Pilot’s Prevaricated Prognostication

November 12, 2007

in Airplane Stories

August 17, 2007: American Airlines 525, Boeing 757 nonstop from Miami to Chicago O’Hare, sunny skies all the way, no delays taking off from Miami. No hassle, you’d think? Alas, no. Two hours into the flight, the pilot announces there is bad weather in Chicago and we must land in Indianapolis. In fact, he says that the weather is so bad in Chicago that other pilots are refusing to land there.

After only twenty minutes on the ground in Indianapolis, during which time we take on some fuel, we proceed to Chicago, landing 30 minutes later in calm winds and sunny skies. We miss our connecting flight and have to spend the night in a cheap airport hotel. The American agent in Chicago tells us that it has been perfect weather there all day.

What really happened? The American agent explained it to me. Dade County, Florida, it seems, charges a fuel surtax that is a few pennies per gallon higher than most other US airports. To save money, American orders its pilots to take on just enough fuel to reach the destination. Rather than there being bad weather in O’Hare, ATC had simply switched runways to accommodate a change in wind direction. This is an event that happens routinely several times a day. Alas, our flight, with the minimum fuel to reach Chicago, did not have enough fuel to circle around and get into the new landing queue. One hundred and fifty passengers were inconvenienced because of American’s miserly policy. Worse of all, however, was the pilot’s brazen lie about the weather.

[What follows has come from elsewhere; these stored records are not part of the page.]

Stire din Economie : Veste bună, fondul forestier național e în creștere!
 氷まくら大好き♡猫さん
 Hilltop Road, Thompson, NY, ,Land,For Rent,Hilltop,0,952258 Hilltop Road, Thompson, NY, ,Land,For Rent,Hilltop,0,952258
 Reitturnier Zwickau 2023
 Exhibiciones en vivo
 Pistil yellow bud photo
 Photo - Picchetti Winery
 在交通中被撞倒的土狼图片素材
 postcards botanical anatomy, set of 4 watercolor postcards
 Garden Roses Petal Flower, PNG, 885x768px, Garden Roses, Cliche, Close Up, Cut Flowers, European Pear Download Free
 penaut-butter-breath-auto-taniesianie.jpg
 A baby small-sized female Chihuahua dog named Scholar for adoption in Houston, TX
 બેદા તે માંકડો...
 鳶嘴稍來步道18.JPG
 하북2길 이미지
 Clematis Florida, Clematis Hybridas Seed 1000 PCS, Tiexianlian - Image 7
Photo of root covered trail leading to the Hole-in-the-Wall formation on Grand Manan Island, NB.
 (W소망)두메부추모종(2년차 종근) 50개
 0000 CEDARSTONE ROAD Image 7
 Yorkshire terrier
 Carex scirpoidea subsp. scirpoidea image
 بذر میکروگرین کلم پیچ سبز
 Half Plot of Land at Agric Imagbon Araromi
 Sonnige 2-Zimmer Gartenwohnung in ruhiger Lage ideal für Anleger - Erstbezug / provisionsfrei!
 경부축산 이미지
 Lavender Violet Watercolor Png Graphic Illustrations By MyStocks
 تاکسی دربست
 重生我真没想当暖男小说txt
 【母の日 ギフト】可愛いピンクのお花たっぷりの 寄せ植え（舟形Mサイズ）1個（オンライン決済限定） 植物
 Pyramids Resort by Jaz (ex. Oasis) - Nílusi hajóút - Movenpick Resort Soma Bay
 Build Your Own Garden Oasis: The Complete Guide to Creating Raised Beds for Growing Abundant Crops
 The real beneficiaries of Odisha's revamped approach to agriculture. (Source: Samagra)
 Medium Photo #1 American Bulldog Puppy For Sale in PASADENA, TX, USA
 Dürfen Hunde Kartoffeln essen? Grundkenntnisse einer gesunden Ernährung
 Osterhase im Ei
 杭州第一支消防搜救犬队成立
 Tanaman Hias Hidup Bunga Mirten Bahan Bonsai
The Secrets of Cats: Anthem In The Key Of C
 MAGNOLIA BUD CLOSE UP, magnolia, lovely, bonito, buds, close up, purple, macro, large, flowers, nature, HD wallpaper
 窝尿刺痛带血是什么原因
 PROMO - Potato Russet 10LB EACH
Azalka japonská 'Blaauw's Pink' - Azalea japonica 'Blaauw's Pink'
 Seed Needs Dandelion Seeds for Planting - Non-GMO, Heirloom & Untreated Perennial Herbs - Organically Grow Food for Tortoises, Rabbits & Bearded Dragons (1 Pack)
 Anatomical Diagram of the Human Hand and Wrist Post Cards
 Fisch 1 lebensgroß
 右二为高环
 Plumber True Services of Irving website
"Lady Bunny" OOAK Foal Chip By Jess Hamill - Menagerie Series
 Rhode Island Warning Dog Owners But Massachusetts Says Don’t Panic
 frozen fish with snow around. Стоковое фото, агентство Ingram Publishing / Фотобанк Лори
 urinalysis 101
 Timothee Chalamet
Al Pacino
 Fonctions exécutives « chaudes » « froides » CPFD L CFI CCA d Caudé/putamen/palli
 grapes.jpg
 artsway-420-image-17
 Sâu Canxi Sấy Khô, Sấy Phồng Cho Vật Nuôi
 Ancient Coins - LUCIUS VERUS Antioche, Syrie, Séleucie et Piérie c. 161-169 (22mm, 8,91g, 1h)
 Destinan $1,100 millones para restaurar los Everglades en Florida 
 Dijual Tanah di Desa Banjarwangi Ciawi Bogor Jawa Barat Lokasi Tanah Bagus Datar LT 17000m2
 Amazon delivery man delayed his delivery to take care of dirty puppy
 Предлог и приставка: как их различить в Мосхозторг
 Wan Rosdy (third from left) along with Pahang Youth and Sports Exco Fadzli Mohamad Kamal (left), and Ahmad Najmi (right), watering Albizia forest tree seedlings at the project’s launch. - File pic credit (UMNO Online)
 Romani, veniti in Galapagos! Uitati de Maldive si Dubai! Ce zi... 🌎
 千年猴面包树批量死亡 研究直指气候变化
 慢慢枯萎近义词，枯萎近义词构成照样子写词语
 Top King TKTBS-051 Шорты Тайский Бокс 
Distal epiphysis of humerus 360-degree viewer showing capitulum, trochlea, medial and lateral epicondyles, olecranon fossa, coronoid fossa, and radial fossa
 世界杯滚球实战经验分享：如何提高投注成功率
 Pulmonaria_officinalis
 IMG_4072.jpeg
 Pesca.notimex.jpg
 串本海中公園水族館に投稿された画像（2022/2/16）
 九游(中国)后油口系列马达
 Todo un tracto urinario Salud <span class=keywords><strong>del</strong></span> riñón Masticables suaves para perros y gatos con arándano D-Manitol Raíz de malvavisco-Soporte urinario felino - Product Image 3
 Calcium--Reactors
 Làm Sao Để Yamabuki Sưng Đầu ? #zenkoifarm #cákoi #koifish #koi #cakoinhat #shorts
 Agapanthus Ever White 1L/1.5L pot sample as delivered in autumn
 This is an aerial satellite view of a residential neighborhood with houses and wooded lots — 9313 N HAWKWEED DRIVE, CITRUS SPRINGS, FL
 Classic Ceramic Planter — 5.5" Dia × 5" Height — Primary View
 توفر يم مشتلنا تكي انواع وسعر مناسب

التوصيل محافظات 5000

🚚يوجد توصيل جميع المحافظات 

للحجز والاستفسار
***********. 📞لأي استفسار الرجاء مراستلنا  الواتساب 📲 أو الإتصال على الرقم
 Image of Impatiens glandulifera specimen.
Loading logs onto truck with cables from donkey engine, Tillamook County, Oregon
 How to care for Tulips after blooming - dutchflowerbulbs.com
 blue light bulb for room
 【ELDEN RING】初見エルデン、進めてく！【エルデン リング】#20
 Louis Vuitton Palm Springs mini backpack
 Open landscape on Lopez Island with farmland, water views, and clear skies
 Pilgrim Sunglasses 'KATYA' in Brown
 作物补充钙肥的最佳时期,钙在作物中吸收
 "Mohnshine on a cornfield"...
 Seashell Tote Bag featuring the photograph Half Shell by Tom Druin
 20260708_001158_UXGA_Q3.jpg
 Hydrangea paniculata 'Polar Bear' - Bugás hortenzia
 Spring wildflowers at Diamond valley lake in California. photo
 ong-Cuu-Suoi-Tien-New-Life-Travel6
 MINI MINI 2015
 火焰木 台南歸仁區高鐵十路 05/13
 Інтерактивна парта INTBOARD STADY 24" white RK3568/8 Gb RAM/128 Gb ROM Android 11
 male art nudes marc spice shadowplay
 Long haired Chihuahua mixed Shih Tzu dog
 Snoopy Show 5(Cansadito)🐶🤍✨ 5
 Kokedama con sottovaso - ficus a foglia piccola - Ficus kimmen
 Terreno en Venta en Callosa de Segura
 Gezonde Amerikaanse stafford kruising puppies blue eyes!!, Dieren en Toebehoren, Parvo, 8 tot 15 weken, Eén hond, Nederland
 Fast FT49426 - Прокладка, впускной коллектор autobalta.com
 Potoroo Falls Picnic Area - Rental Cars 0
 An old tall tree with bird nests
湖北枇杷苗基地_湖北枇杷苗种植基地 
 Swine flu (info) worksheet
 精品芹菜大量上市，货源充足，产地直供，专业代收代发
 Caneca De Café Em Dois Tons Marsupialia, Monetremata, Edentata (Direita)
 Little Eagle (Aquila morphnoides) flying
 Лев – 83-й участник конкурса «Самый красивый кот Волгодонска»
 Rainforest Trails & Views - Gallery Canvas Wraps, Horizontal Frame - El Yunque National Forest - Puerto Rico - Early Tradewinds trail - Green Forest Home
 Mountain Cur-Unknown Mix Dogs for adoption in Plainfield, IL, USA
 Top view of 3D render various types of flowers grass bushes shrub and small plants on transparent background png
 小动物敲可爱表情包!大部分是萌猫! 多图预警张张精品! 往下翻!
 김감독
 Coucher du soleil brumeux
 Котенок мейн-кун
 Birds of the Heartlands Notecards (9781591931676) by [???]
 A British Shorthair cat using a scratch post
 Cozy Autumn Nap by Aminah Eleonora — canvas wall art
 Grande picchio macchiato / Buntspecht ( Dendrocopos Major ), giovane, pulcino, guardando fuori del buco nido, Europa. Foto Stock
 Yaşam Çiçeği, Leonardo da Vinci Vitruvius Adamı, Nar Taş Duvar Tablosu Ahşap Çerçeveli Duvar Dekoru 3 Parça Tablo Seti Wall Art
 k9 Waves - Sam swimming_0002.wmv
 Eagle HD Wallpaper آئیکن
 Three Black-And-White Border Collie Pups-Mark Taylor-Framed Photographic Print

Unprofessional. The lesson: don’t fly American out of Miami.

{ 5 comments… read them below or add one }

Scott April 2, 2009 at 6:47 am

I call BS on this one. A diversion costs several thousand dollars for any airline. The pilot does not control the minimum fuel on the aircraft, the dispatcher does. They are both bound by LAW to comply with fuel requirements and neither is going to risk going to jail to save the airline a few pennies/gal on jetfuel.

Weather issues at ORD are sometimes more complex than just a thunderstorm here and there. ORD is/was so close to being over saturated by flights in/out that just a moderate NW wind can reduce the arrival rate of acft per hour that can be accomidated by ATC- (the US Govt employees charged with the smooth orderly flow of air traffic.)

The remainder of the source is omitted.